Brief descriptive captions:
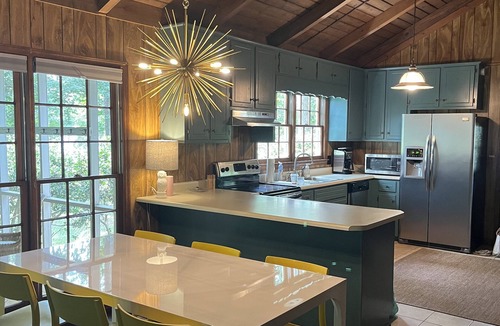 Milledgeville House | Charming Lake Front Cabin With Amazing Screened Porch-Hollywood Harbour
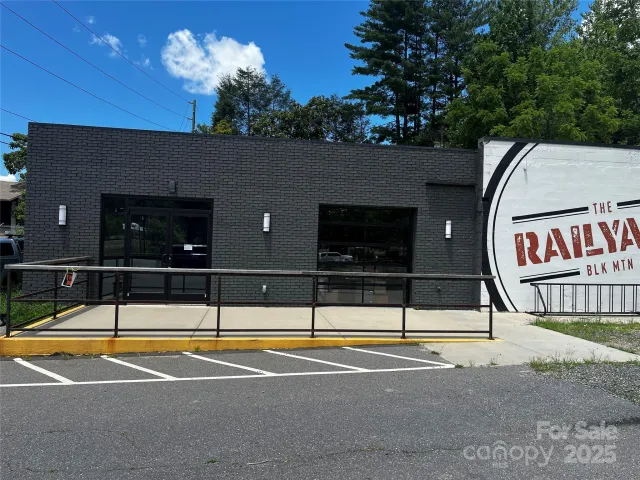 141 Ridgeway Boulevard, Black Mountain, NC, 28711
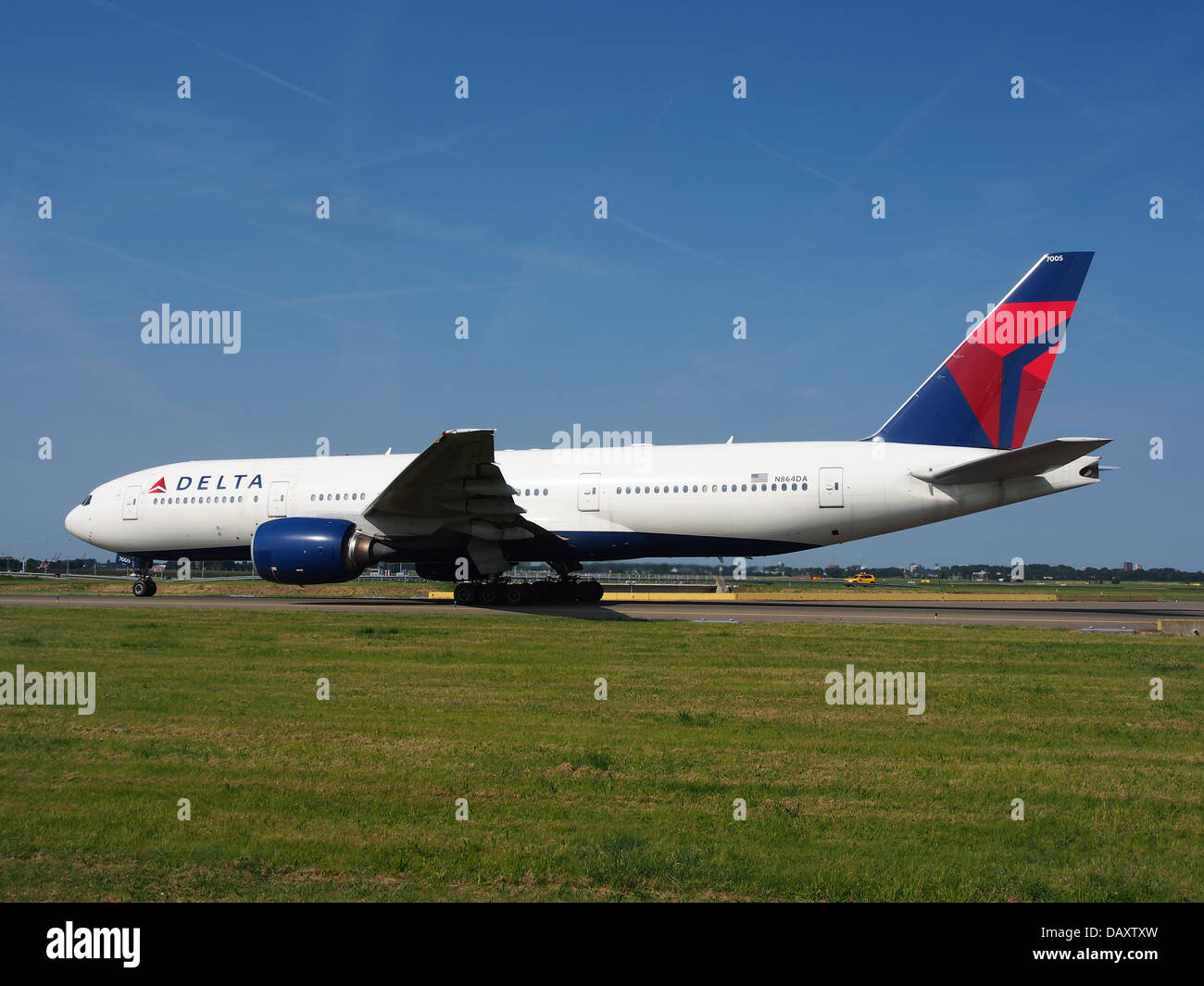 N864DA Delta Air Lines Boeing 777-232(ER) - cn 29736 4 Stock Photo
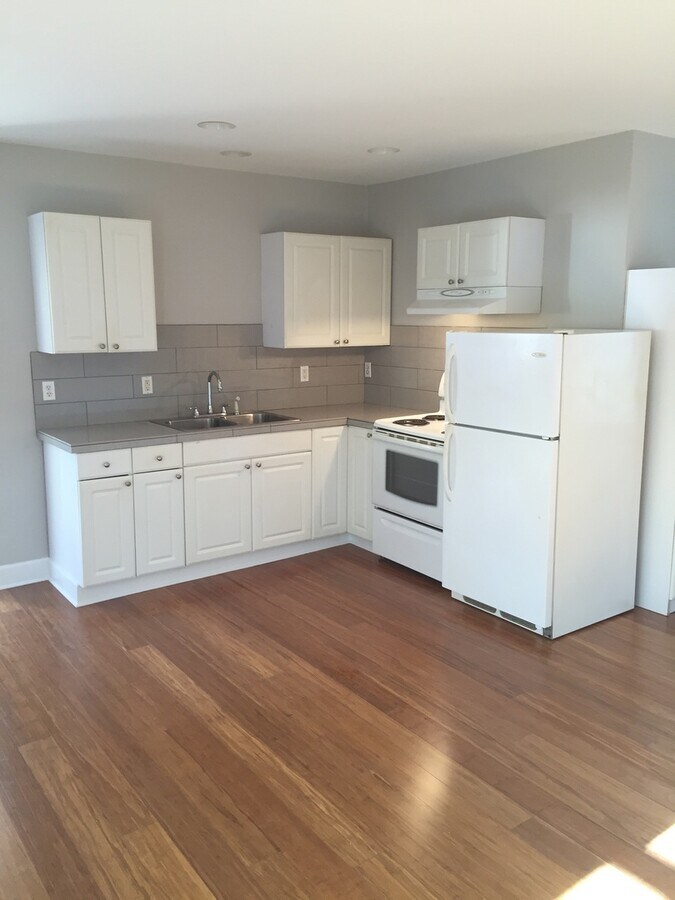 Cora House - Cora House Unit Apt C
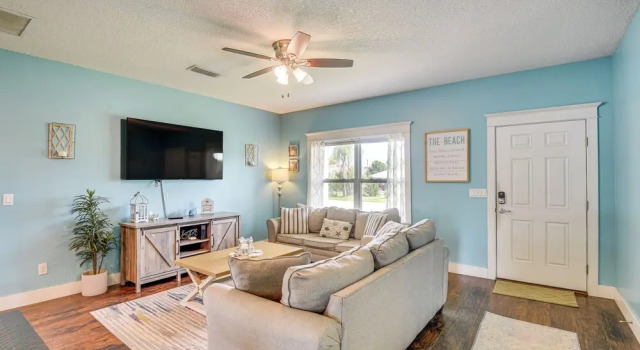 Close to Beaches: Palm Coast Home w/ Deck!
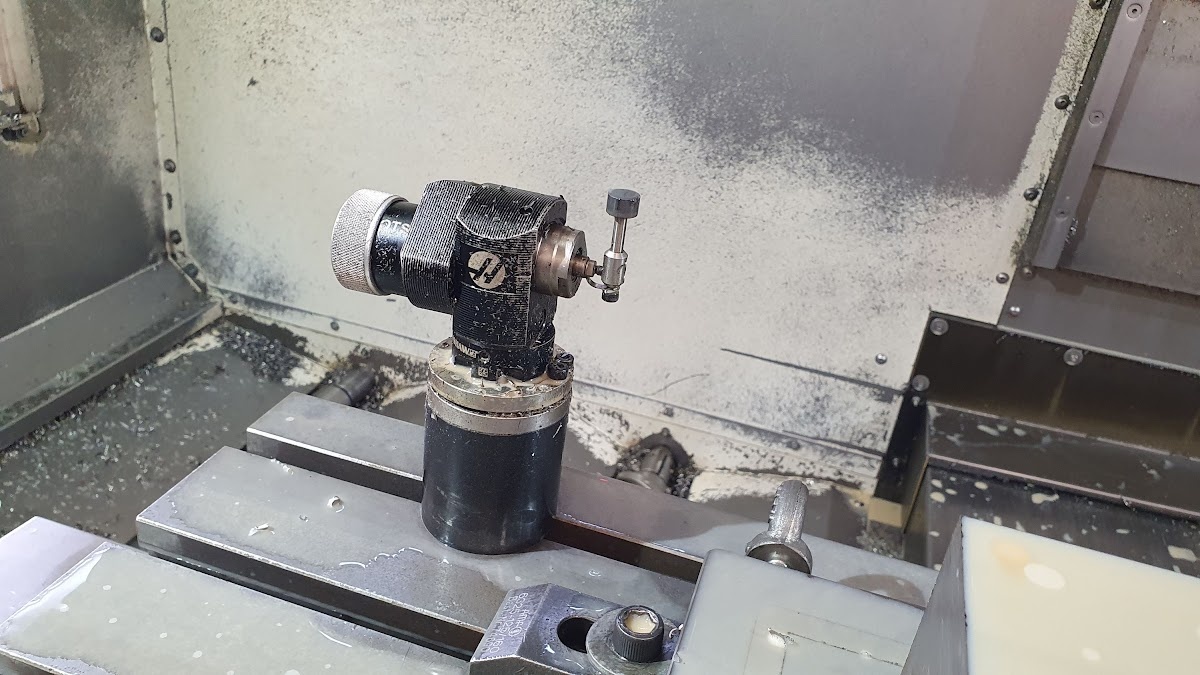 Haas Automation VF-3YT/50 - Centrum obróbcze Pionowe - 4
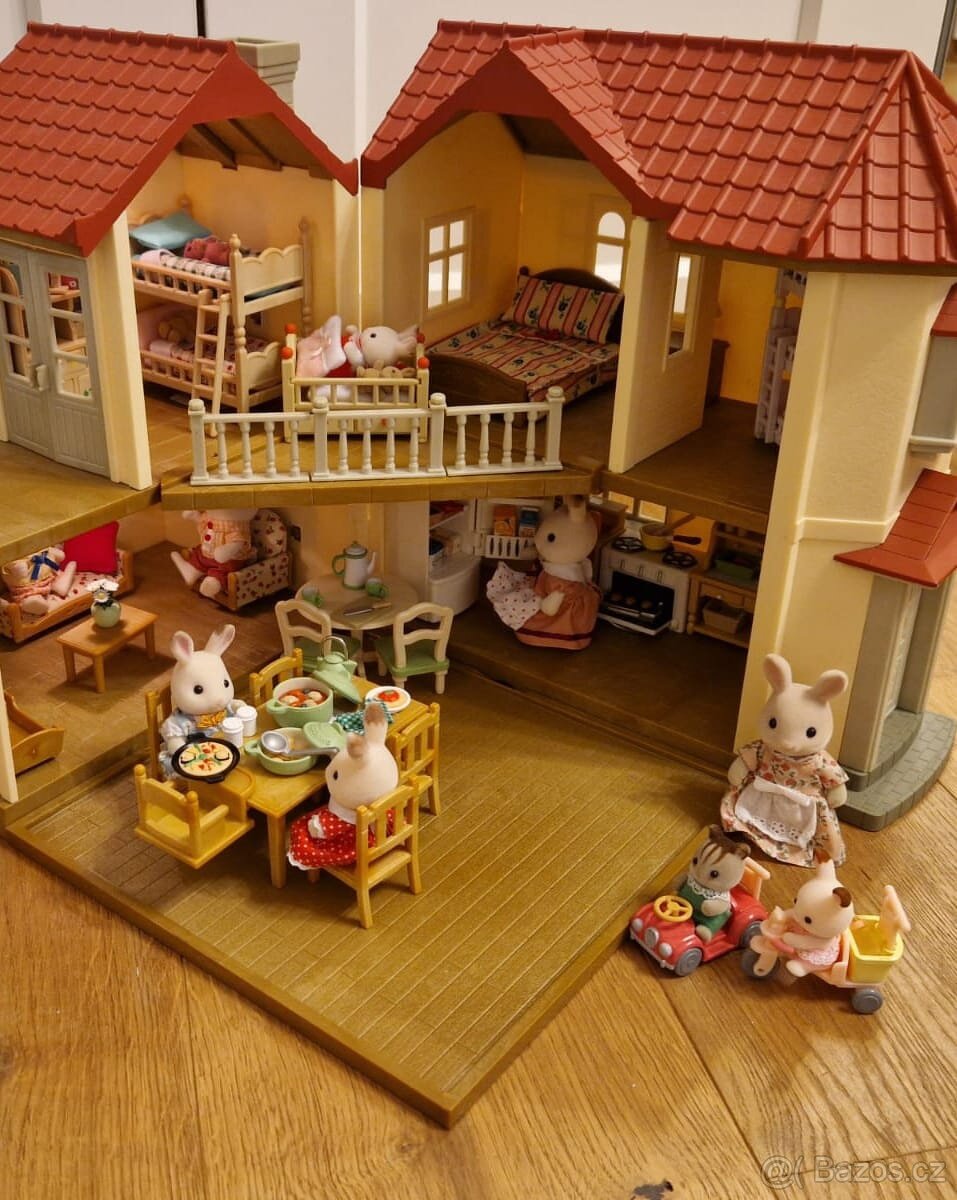Sylvanian families dvoupatrový domeček se světly
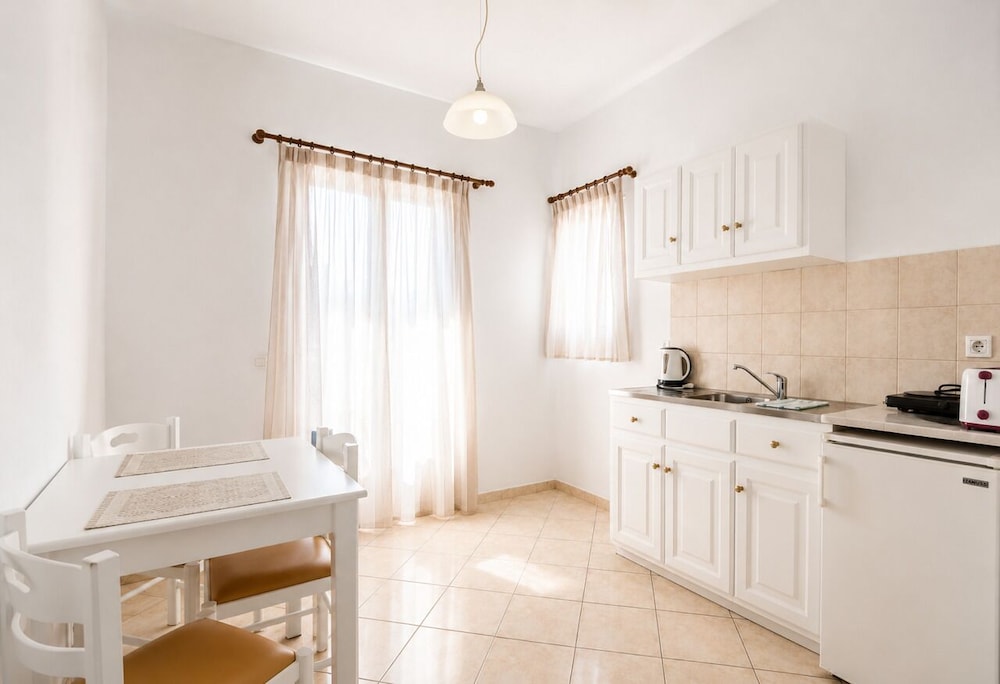 Eleftheria Hotel 13/50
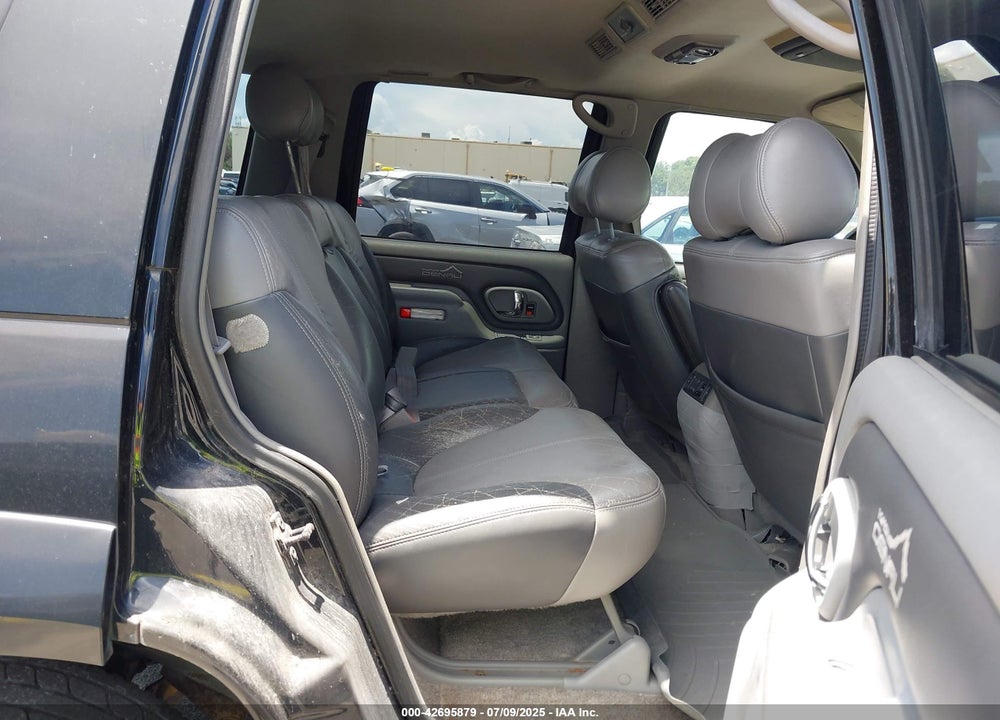 2000 GMC YUKON DENALI VIN: 1GKEK63R1YR196023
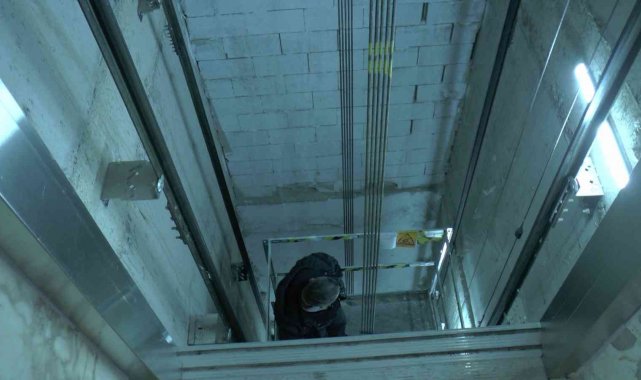 "Kırmızı etiketli asansörleri kullanmayın"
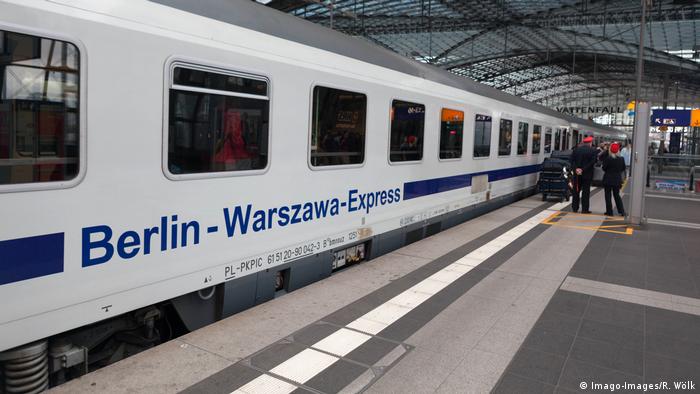 Sembol fotoğraf - Berlin-Varşova hattında yolcu taşıyan bir tren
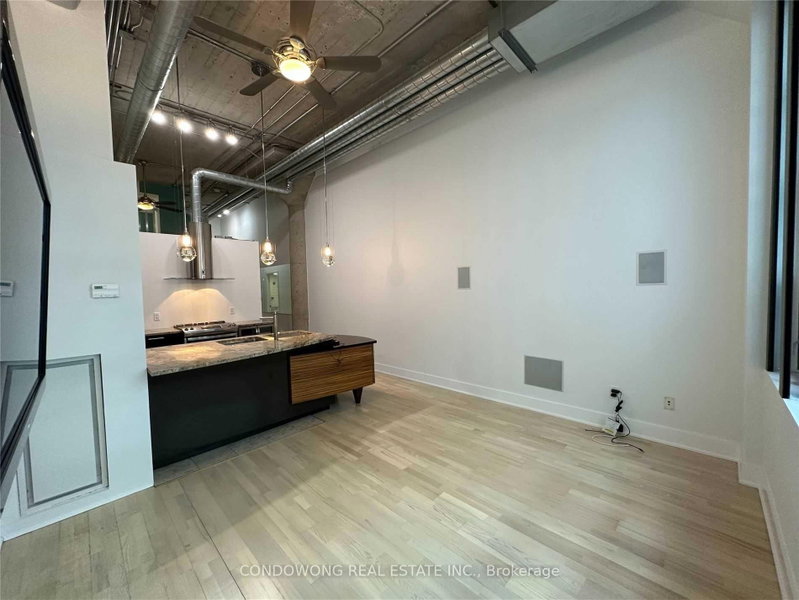 331 - 637 Lake Shore Boulevard W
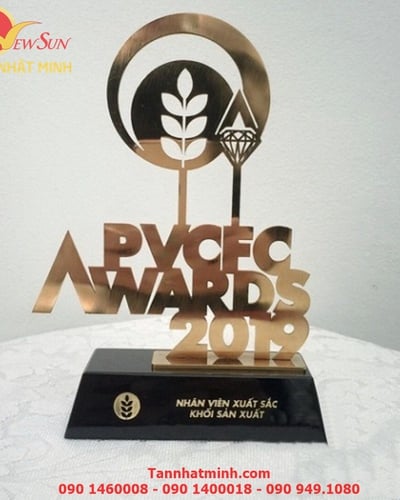 Cúp vinh danh, Cúp Kim loại, Cao cấp -9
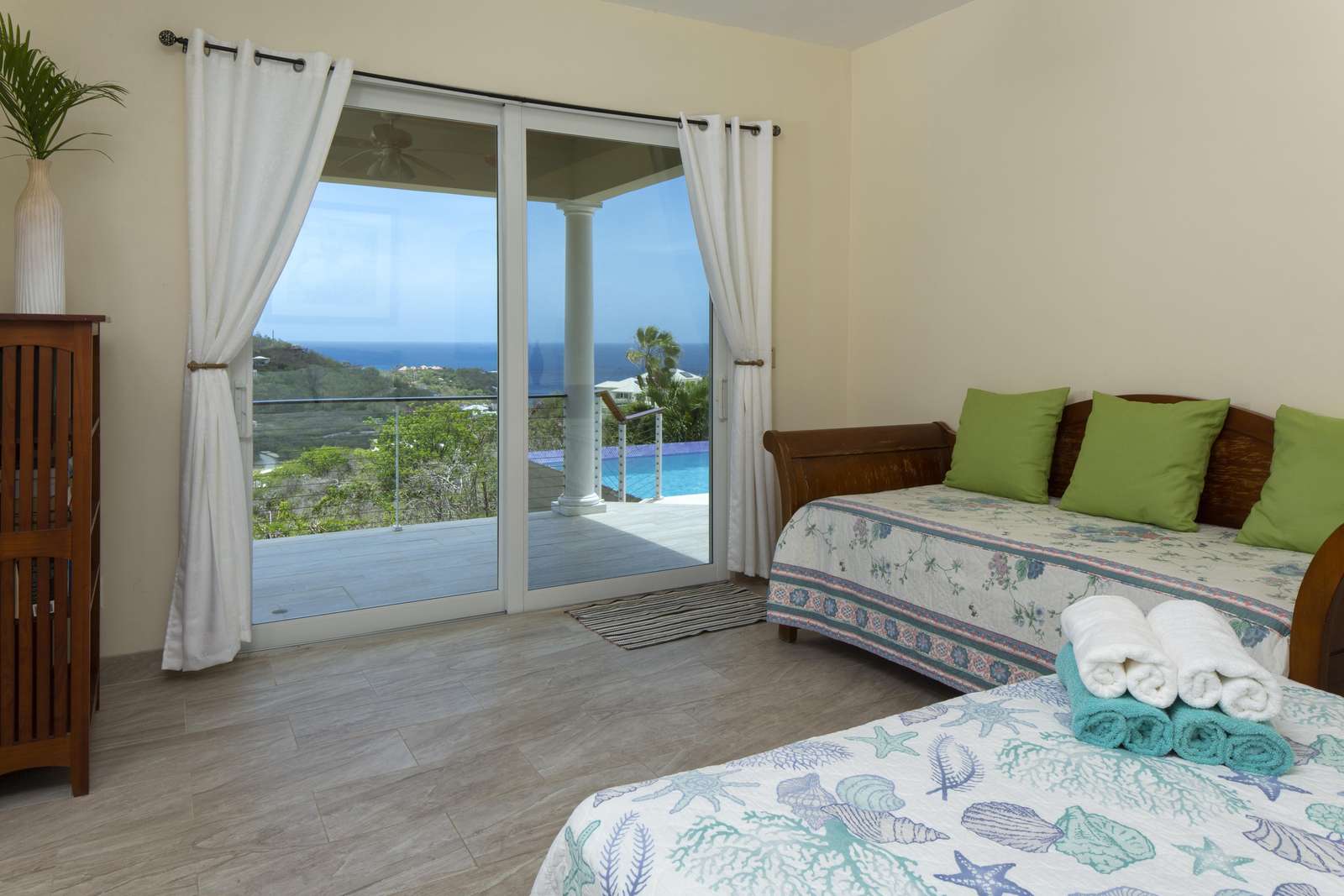 4th Bedroom with Private Patio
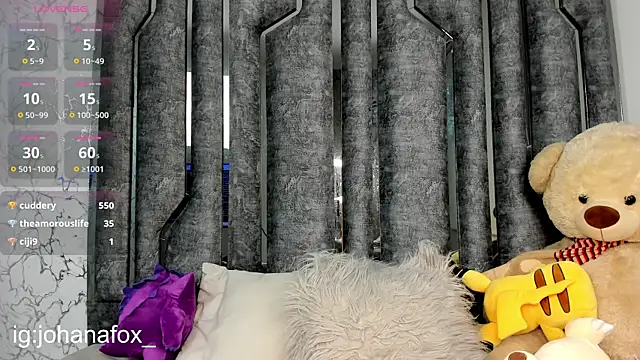 johanafox  online show from December 18, 2024, 11:51 pm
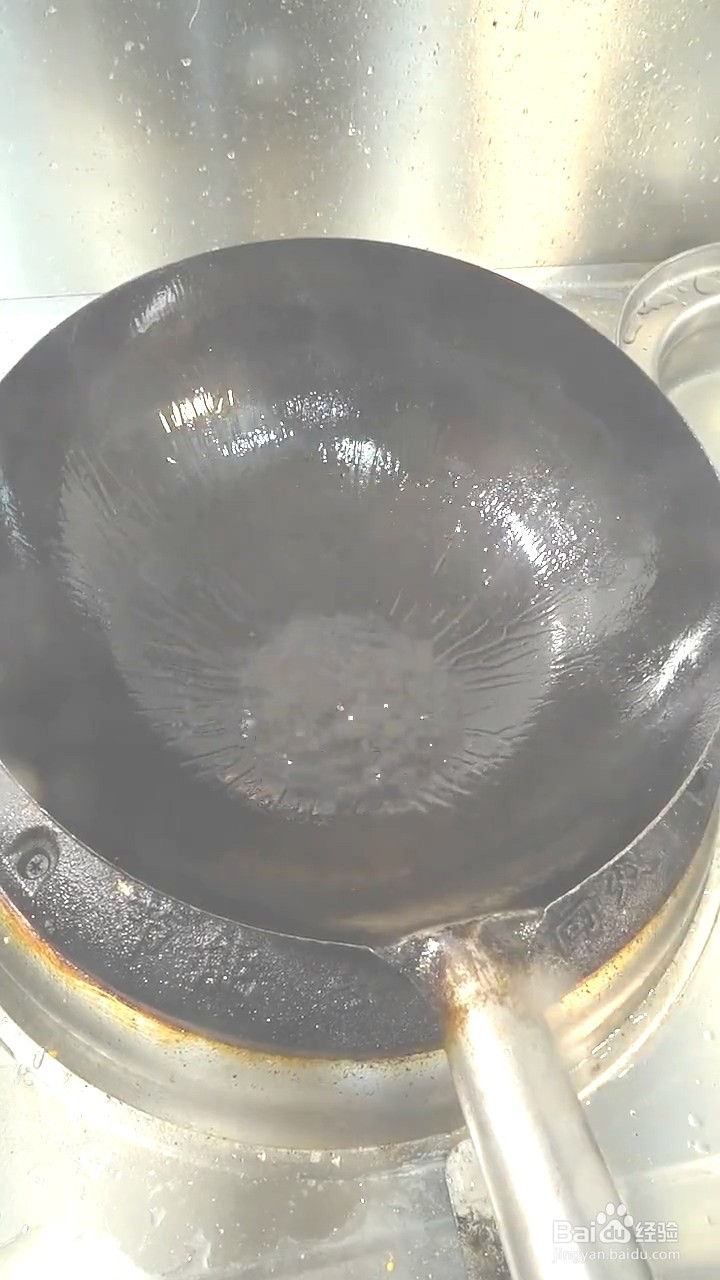 如何做手撕包菜？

WHAT IS NEEDED >>
Using the data above, transcribe exactly the lines between those containing "2000 GMC YUKON DENALI VIN: 1GKEK63R1YR196023" and "4th Bedroom with Private Patio", inclusive, and leave every picture behind.

ANSWER TO THE EXERCISE >>
 2000 GMC YUKON DENALI VIN: 1GKEK63R1YR196023
 "Kırmızı etiketli asansörleri kullanmayın"
 Sembol fotoğraf - Berlin-Varşova hattında yolcu taşıyan bir tren
 331 - 637 Lake Shore Boulevard W
 Cúp vinh danh, Cúp Kim loại, Cao cấp -9
 4th Bedroom with Private Patio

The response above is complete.